Methods to Safeguard IRA Assets During Stock Market Downturn

You know that for the long-term growth of your IRA account assets, you need to be invested in the stock market. The trouble with the stock market is the occasional bear market, which can result in a big drop in your account value. Solutions to protect your IRA assets from a market downturn range from proper long-term planning to short-term strategies that keep losses to a minimum.
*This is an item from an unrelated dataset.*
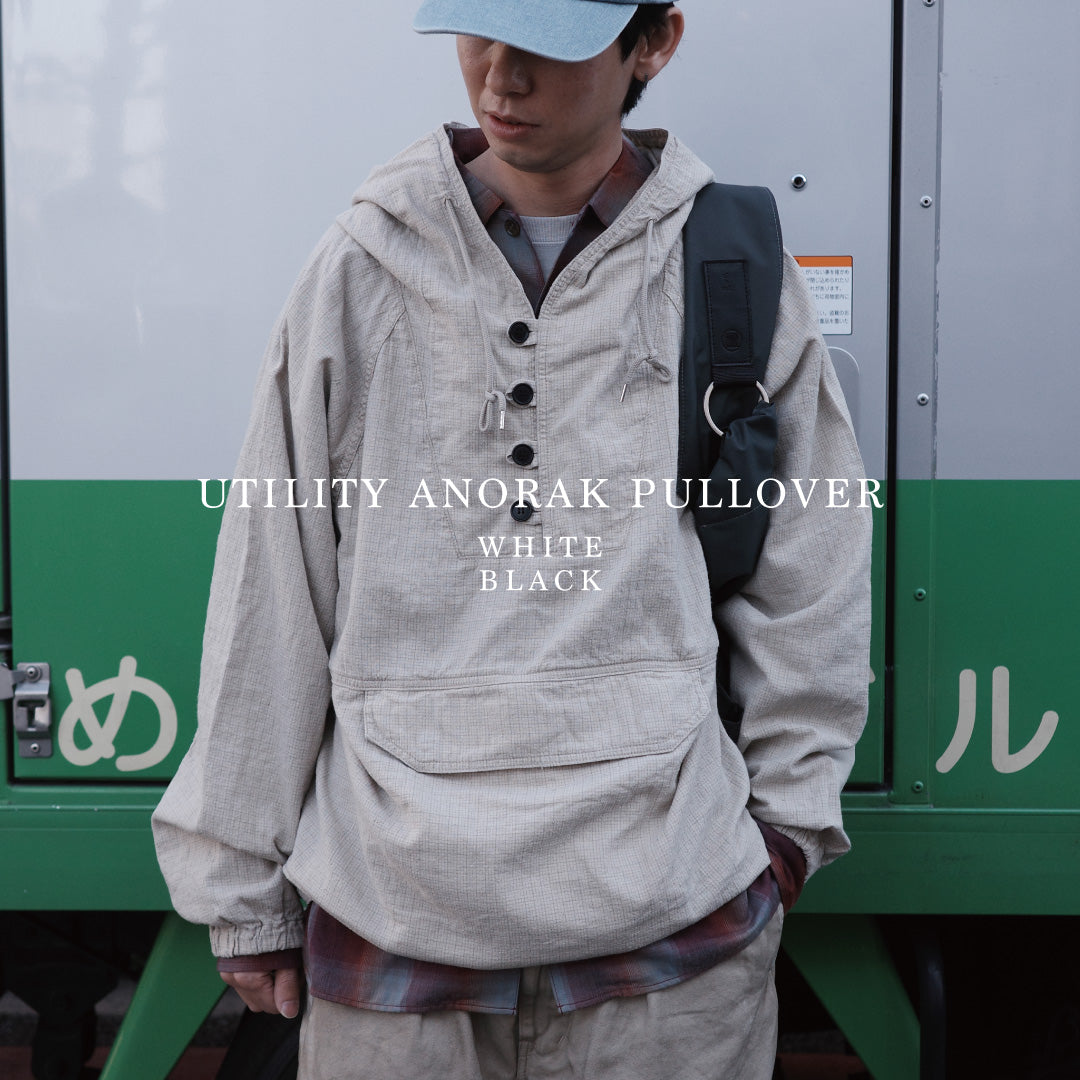 フード口のボタンの開閉により、首周りのニュアンスを自在に調整できる一着。素材には、麻カスや節を活かしたネップ糸を織り交ぜたコットンリネンチェックを採用しました。ドライタッチな生地にワンウォッシュを施すことで、麻特有のハリ感を残しつつ、肌馴染みの良い柔らかな風合いと豊かな表情を引き出しています。This piece features adjustable hood buttons to alternate between a clean look and a relaxed neckline. Crafted from a cotton-linen check weave with rustic nep yarns, it highlights the natural texture of the fibers. The BLACK fabric is one-washed to balance a crisp, dry touch with a soft, broken-in feel, creating a sophisticated yet comfortable aesthetic.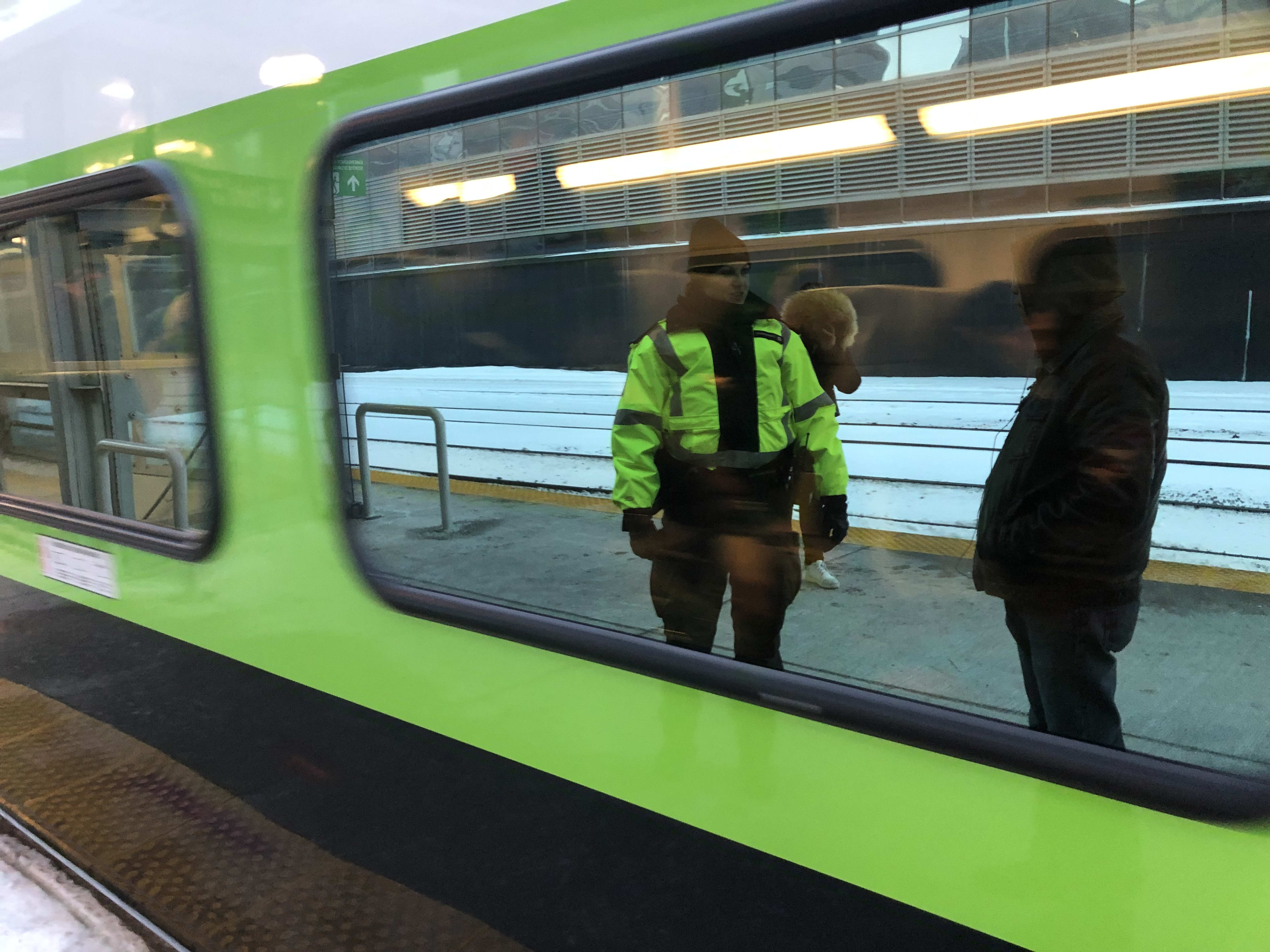 In a reflection of a passing train, Tihana Karanovic, talks to a male passenger as he waits for a...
Age-Appropriate Asset Allocation

Asset allocation divides your investments into different types of investments, primarily stocks and bonds. Additional asset classes could include precious metals, real estate, and foreign stocks and bonds. The asset allocation percentages in your IRA should be age-appropriate. In your twenties or thirties, it is fine to have 70 percent to 80 percent of your account in stocks. If the market drops, the allocation rebalancing will pick up an extra portion of cheap stocks during the downturn. When you are close to retirement age, the stock portion of your retirement accounts should be small enough so that a 20 percent to 40 percent short-term drop in the market would not affect your retirement plans.

Cash is King

If you expect the markets to make a significant drop, moving a portion of your IRA assets into cash will allow you to buy stocks when they get cheap. The time to move into cash is before the market really starts to decline. Selling at the bottom would just lock in your losses. Because it is impossible to predict how far prices will drop or how long a bear market will last, it might be appropriate to always have some portion of your IRA available for investment. Adjust the portion of cash in the account based on whether you think the market has gone up too far, or whether you think it's reaching a bottom and you want to get closer to fully invested.

Dividend Stocks or Funds

Owning dividend-paying stocks, or funds that own dividend stocks, allows your IRA to earn dividend income while the stock market works its way through a bear market. The dividend yield of a stock helps put a floor on how low the market will let this type of stock fall. Invest your IRA money in stocks that have histories of maintaining or increasing dividend payments through all phases of the stock market cycles. If you are worried about a downturn in the stock market, lighten up on your positions in growth stocks that don't pay dividends.

Index Put Options

If you want to hold on to your stock investments and offset any market downturn with other profits, you can buy put options that will increase in value if the market drops. Puts trade against the major stock market indexes and exchange traded funds, or ETFs, that track those same indexes. You can add options trading privileges to a stockbrokerage IRA account. Put option contracts have expiration dates, so the protection provided will be good for a limited amount of time -- typically three to six months. The cost of puts would be relatively small compared to the amount of downside protection the contracts could provide.